A meeting of top health promotion experts in Melbourne has heard growing calls to close digital advertising loopholes and develop new regulations to govern posts of social media influencers.
University of Melbourne Professor of Public Health Rob Moodie told the Public Health Association Australia’s Unhealthy Marketing to Kids forum there was “virtually no control” around the digital media advertising that children were now exposed to. “It’s no longer just through the standard messages on packaging, where items are placed in the supermarket and sport sponsorship, but now there’s a blurring between entertainment and advertising,” Prof Moodie said.
“There are advergames, kids are pressured to recruit their friends and you’ve got young children as influencers.
“Governments need to step in on behalf of children. It’s a child’s right not to be exploited.”

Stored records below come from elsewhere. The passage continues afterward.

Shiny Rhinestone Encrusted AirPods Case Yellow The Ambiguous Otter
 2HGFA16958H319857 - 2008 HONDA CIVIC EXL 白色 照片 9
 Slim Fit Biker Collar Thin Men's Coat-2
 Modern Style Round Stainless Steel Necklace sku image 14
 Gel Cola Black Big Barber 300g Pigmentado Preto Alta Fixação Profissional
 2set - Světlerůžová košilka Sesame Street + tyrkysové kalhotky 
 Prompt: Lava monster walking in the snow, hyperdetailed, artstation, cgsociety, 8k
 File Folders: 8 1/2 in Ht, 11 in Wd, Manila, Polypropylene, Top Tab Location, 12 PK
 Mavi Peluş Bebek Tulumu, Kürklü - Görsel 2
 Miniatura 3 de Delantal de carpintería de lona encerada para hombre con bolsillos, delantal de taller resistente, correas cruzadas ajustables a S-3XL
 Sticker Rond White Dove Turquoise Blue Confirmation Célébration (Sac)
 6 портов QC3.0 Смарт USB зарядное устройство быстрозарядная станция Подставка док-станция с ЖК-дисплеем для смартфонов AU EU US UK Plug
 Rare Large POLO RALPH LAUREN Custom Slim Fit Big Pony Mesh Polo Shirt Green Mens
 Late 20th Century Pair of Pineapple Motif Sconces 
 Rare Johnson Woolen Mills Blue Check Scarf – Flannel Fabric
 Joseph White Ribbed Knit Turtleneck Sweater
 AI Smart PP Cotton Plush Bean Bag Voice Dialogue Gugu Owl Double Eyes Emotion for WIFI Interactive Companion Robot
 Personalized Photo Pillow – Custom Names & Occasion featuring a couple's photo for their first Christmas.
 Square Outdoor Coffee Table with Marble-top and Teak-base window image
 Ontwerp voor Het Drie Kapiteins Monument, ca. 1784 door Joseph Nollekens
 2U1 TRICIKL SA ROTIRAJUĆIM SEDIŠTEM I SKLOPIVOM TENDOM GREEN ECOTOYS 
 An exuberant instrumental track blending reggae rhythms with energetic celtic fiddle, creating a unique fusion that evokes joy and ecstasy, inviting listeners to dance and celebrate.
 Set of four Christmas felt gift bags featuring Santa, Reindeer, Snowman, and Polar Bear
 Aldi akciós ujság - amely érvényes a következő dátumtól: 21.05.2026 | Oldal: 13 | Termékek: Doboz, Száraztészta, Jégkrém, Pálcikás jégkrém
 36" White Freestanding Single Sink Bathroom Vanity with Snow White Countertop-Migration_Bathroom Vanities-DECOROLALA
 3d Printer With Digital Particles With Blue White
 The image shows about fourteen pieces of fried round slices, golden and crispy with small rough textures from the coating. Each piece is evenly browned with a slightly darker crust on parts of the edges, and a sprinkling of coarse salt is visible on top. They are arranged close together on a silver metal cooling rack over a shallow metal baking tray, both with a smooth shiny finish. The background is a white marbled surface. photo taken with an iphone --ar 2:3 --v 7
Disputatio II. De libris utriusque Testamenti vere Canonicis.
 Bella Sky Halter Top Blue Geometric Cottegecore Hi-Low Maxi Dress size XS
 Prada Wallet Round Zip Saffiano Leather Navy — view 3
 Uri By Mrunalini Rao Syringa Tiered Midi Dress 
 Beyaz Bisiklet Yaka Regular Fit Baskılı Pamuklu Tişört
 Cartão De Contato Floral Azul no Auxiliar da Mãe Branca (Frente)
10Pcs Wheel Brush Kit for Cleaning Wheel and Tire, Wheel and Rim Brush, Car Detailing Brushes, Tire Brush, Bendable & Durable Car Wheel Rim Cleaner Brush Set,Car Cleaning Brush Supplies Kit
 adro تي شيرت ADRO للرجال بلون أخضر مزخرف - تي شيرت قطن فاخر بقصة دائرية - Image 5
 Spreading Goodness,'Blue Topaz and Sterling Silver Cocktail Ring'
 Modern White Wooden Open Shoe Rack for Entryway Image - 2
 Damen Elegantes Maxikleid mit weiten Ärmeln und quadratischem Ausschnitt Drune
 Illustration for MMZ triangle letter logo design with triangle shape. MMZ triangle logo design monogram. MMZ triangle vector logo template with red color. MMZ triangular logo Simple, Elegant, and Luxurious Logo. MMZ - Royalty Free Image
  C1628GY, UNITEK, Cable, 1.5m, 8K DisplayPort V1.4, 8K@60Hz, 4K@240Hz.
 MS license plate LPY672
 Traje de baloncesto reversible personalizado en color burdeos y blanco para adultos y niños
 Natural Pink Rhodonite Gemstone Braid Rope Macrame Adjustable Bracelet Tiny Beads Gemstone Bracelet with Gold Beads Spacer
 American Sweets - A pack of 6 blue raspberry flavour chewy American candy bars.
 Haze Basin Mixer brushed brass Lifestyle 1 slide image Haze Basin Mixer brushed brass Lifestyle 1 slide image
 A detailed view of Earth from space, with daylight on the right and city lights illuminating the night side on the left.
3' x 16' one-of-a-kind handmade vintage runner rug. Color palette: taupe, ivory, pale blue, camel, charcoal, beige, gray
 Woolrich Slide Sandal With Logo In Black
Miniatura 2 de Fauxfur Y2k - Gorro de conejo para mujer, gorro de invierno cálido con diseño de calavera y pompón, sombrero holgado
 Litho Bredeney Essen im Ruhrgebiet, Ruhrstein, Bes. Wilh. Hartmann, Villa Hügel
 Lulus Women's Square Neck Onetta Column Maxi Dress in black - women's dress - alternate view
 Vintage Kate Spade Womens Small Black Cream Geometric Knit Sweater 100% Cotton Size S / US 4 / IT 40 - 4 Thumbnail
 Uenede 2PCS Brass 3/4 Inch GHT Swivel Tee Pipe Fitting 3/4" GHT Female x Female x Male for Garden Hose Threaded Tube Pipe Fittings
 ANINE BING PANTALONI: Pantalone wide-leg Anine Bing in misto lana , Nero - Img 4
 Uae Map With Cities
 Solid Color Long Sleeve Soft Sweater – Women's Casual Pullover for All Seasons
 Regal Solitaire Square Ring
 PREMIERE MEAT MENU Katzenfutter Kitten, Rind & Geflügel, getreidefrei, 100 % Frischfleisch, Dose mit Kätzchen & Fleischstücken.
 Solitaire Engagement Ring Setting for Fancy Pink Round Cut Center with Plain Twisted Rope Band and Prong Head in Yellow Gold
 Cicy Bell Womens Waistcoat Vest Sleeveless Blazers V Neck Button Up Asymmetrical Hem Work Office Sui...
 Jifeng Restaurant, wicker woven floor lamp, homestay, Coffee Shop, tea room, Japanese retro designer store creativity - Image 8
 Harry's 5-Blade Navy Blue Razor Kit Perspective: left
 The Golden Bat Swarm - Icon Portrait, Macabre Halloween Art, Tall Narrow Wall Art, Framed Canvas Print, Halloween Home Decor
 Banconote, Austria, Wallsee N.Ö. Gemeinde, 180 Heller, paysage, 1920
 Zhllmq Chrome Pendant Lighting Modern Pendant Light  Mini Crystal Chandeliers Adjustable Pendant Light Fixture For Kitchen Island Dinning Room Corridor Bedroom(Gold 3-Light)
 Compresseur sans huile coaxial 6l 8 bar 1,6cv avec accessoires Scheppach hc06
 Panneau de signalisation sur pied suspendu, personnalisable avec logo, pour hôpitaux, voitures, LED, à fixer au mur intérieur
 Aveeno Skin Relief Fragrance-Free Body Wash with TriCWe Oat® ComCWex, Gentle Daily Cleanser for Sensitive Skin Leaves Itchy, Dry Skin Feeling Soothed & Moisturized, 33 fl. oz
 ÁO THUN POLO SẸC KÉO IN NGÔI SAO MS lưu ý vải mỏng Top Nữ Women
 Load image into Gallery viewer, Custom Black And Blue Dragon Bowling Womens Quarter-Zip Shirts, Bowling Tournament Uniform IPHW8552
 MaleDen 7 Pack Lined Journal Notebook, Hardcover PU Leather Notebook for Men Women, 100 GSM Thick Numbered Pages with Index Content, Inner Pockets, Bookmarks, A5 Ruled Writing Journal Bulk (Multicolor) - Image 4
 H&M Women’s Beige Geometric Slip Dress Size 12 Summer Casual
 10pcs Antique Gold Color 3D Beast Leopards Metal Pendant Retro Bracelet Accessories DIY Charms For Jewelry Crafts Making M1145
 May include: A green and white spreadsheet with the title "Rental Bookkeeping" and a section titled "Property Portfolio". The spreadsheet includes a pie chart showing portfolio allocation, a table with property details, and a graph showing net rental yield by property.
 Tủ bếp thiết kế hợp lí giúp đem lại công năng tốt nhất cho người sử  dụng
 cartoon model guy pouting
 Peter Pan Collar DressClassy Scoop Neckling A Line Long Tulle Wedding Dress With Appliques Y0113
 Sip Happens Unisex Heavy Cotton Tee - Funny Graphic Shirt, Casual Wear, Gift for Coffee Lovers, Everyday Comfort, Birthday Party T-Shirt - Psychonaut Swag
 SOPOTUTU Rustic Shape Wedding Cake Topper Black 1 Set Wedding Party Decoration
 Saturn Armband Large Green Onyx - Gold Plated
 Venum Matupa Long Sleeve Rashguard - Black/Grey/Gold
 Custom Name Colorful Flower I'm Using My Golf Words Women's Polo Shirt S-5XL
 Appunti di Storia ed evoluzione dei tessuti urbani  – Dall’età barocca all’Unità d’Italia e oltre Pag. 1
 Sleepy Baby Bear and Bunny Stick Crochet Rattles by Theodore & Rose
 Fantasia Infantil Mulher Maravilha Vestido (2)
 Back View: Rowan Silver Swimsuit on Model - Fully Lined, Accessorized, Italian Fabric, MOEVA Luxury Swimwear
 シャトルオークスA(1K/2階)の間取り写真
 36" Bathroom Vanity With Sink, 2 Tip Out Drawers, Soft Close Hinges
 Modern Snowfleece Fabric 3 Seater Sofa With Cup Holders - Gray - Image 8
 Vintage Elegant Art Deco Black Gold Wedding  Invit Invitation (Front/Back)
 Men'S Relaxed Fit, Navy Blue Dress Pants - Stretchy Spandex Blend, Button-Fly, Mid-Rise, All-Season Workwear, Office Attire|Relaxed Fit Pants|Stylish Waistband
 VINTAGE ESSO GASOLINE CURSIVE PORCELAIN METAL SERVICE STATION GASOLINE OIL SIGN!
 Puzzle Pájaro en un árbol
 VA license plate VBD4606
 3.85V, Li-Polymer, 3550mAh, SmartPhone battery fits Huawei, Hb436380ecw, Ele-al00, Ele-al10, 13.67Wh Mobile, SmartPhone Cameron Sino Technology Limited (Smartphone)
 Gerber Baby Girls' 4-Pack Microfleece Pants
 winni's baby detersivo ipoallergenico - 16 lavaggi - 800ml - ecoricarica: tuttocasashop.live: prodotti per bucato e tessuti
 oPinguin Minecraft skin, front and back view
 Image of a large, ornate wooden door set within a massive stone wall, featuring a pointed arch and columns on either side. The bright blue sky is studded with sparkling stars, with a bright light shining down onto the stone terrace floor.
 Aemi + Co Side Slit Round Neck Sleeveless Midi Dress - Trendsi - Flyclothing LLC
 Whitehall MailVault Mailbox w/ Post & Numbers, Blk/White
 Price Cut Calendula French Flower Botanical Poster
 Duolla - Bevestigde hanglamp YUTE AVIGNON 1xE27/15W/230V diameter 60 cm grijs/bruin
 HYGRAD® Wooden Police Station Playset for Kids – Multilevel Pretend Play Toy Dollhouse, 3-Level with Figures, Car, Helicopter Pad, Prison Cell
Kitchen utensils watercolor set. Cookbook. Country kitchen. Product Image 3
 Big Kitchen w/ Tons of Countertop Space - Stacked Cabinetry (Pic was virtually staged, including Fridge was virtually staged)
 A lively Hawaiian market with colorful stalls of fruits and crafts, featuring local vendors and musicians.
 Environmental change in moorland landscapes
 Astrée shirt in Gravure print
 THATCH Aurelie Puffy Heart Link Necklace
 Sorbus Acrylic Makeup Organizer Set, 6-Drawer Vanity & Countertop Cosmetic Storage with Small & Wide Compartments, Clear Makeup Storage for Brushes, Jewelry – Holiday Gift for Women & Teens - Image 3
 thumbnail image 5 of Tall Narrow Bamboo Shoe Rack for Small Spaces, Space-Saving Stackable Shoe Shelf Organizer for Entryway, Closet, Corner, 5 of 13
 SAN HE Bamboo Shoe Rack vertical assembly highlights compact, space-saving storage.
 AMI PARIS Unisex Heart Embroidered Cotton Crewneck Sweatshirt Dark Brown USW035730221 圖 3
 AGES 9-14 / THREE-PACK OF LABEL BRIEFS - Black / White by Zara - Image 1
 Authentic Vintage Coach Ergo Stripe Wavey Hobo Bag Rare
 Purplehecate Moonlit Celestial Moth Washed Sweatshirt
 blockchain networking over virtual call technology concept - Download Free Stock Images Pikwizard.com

A third of Australian preschool children have their own tablet or smartphone, and a sixth of primary school pupils have their own social media account, according to recent survey by the Royal Children’s Hospital.
Curtin University Professor Simone Pettigrew said children were subjected to unhealthy advertisements in all areas of their life and they needed to be protected.
“A lot of the time kids don’t even know they’re being promoted to. It’s embedded in their online games, music videos and real-world content,” Prof Pettigrew said.
“We need to be more informed, we need more regulation and we need social media personalities to be forced to disclose when they’ve been paid to promote something.”
Prof Pettigrew said brain scanning technology was now able to detect what areas of the brain were activated in response to junk food ads.
“If you show adults and kids an ad for a food high in sugar, fat and salt, the MRI shows kids’ brains ping much bigger in the motivation area than adults do,” he said. “If we look at overweight children, then their response is even bigger.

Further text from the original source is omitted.